_What is needed_. Show all lines below holding the string "Faux".

[Records contained in a dataset]
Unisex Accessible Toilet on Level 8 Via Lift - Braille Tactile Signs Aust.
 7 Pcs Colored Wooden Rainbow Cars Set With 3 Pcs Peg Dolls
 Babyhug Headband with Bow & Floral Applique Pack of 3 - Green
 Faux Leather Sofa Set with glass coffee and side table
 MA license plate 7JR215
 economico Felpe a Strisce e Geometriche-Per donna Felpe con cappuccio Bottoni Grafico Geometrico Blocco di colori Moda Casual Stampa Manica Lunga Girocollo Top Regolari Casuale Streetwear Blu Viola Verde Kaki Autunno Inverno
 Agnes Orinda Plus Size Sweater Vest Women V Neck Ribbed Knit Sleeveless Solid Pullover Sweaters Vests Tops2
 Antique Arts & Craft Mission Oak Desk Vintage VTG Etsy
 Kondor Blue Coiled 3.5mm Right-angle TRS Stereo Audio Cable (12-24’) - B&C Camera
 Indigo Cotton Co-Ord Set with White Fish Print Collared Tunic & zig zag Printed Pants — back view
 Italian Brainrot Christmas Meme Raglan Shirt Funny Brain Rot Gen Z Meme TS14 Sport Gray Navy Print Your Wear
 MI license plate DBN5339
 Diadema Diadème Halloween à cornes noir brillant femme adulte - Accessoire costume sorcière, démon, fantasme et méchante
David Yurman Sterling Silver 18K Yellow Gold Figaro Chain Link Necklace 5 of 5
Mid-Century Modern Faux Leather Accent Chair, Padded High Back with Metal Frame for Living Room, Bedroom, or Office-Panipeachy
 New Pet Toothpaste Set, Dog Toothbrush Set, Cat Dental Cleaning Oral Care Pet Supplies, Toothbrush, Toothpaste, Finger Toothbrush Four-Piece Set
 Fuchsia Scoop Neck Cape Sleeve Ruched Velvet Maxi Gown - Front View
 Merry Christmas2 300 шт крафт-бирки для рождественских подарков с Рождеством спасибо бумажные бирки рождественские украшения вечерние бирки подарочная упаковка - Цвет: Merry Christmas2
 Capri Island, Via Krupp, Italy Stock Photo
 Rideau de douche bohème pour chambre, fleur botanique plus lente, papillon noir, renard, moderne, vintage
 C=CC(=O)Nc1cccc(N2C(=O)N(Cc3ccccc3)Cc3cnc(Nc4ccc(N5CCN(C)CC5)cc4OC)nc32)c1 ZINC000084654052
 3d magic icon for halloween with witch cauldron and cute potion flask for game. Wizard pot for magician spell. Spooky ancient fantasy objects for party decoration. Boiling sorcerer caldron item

_Exercise output_.
 Faux Leather Sofa Set with glass coffee and side table
Mid-Century Modern Faux Leather Accent Chair, Padded High Back with Metal Frame for Living Room, Bedroom, or Office-Panipeachy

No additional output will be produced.